▶ **What you have to do**:
The entries are to be output in full, word for word.
§
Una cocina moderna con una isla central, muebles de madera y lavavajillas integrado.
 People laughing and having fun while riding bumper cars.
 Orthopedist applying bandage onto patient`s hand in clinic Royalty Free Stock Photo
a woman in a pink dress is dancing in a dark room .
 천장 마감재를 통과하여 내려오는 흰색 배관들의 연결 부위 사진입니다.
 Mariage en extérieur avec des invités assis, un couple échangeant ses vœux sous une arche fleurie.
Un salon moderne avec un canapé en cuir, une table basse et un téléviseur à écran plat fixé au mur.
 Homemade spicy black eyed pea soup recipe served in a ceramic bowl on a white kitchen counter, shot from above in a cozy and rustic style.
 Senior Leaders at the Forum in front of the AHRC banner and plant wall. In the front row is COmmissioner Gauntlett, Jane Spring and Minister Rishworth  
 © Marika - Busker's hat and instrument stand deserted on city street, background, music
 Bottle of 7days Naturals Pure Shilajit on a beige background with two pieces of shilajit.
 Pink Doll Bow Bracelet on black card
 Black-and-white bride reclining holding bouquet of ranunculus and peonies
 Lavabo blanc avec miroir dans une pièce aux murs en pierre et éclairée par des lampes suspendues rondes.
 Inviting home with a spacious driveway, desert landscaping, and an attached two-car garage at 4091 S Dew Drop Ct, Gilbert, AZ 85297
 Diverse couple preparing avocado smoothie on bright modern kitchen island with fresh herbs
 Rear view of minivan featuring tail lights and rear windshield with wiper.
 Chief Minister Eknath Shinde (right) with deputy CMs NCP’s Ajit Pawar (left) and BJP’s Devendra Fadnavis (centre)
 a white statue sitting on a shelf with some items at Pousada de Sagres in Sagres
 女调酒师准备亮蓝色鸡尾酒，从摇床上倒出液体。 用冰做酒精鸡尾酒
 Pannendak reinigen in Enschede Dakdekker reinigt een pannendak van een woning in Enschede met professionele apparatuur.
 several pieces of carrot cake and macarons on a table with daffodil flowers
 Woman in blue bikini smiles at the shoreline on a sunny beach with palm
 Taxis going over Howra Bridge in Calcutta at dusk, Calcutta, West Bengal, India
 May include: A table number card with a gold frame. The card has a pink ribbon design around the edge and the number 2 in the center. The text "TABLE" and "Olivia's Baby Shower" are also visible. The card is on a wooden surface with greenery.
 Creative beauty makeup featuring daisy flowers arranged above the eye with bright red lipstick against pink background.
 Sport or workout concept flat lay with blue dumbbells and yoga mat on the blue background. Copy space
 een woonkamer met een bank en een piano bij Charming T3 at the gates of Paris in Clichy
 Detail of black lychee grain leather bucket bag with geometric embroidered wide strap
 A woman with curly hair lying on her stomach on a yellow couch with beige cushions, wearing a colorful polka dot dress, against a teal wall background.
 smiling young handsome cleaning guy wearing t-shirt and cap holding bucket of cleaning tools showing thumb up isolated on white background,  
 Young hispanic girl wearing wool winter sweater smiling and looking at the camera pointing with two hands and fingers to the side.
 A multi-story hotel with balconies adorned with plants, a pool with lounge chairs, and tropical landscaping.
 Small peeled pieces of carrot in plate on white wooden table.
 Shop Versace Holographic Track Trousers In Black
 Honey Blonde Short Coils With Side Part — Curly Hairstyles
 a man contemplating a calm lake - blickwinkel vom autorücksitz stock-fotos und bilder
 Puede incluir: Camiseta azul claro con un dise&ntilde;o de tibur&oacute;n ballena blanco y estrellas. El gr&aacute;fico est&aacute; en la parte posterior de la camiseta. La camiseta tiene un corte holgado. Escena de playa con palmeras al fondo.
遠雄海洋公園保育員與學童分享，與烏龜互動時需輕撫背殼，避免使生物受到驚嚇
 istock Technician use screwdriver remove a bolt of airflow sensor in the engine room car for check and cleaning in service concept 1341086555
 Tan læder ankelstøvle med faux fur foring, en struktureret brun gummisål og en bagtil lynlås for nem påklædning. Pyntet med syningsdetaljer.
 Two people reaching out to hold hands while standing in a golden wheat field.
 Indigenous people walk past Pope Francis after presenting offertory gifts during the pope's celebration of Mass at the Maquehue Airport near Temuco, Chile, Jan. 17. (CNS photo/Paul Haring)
§
▶ **Answer to the problem**:
Una cocina moderna con una isla central, muebles de madera y lavavajillas integrado.
 People laughing and having fun while riding bumper cars.
 Orthopedist applying bandage onto patient`s hand in clinic Royalty Free Stock Photo
a woman in a pink dress is dancing in a dark room .
 천장 마감재를 통과하여 내려오는 흰색 배관들의 연결 부위 사진입니다.
 Mariage en extérieur avec des invités assis, un couple échangeant ses vœux sous une arche fleurie.
Un salon moderne avec un canapé en cuir, une table basse et un téléviseur à écran plat fixé au mur.
 Homemade spicy black eyed pea soup recipe served in a ceramic bowl on a white kitchen counter, shot from above in a cozy and rustic style.
 Senior Leaders at the Forum in front of the AHRC banner and plant wall. In the front row is COmmissioner Gauntlett, Jane Spring and Minister Rishworth  
 © Marika - Busker's hat and instrument stand deserted on city street, background, music
 Bottle of 7days Naturals Pure Shilajit on a beige background with two pieces of shilajit.
 Pink Doll Bow Bracelet on black card
 Black-and-white bride reclining holding bouquet of ranunculus and peonies
 Lavabo blanc avec miroir dans une pièce aux murs en pierre et éclairée par des lampes suspendues rondes.
 Inviting home with a spacious driveway, desert landscaping, and an attached two-car garage at 4091 S Dew Drop Ct, Gilbert, AZ 85297
 Diverse couple preparing avocado smoothie on bright modern kitchen island with fresh herbs
 Rear view of minivan featuring tail lights and rear windshield with wiper.
 Chief Minister Eknath Shinde (right) with deputy CMs NCP’s Ajit Pawar (left) and BJP’s Devendra Fadnavis (centre)
 a white statue sitting on a shelf with some items at Pousada de Sagres in Sagres
 女调酒师准备亮蓝色鸡尾酒，从摇床上倒出液体。 用冰做酒精鸡尾酒
 Pannendak reinigen in Enschede Dakdekker reinigt een pannendak van een woning in Enschede met professionele apparatuur.
 several pieces of carrot cake and macarons on a table with daffodil flowers
 Woman in blue bikini smiles at the shoreline on a sunny beach with palm
 Taxis going over Howra Bridge in Calcutta at dusk, Calcutta, West Bengal, India
 May include: A table number card with a gold frame. The card has a pink ribbon design around the edge and the number 2 in the center. The text "TABLE" and "Olivia's Baby Shower" are also visible. The card is on a wooden surface with greenery.
 Creative beauty makeup featuring daisy flowers arranged above the eye with bright red lipstick against pink background.
 Sport or workout concept flat lay with blue dumbbells and yoga mat on the blue background. Copy space
 een woonkamer met een bank en een piano bij Charming T3 at the gates of Paris in Clichy
 Detail of black lychee grain leather bucket bag with geometric embroidered wide strap
 A woman with curly hair lying on her stomach on a yellow couch with beige cushions, wearing a colorful polka dot dress, against a teal wall background.
 smiling young handsome cleaning guy wearing t-shirt and cap holding bucket of cleaning tools showing thumb up isolated on white background,  
 Young hispanic girl wearing wool winter sweater smiling and looking at the camera pointing with two hands and fingers to the side.
 A multi-story hotel with balconies adorned with plants, a pool with lounge chairs, and tropical landscaping.
 Small peeled pieces of carrot in plate on white wooden table.
 Shop Versace Holographic Track Trousers In Black
 Honey Blonde Short Coils With Side Part — Curly Hairstyles
 a man contemplating a calm lake - blickwinkel vom autorücksitz stock-fotos und bilder
 Puede incluir: Camiseta azul claro con un dise&ntilde;o de tibur&oacute;n ballena blanco y estrellas. El gr&aacute;fico est&aacute; en la parte posterior de la camiseta. La camiseta tiene un corte holgado. Escena de playa con palmeras al fondo.
遠雄海洋公園保育員與學童分享，與烏龜互動時需輕撫背殼，避免使生物受到驚嚇
 istock Technician use screwdriver remove a bolt of airflow sensor in the engine room car for check and cleaning in service concept 1341086555
 Tan læder ankelstøvle med faux fur foring, en struktureret brun gummisål og en bagtil lynlås for nem påklædning. Pyntet med syningsdetaljer.
 Two people reaching out to hold hands while standing in a golden wheat field.
 Indigenous people walk past Pope Francis after presenting offertory gifts during the pope's celebration of Mass at the Maquehue Airport near Temuco, Chile, Jan. 17. (CNS photo/Paul Haring)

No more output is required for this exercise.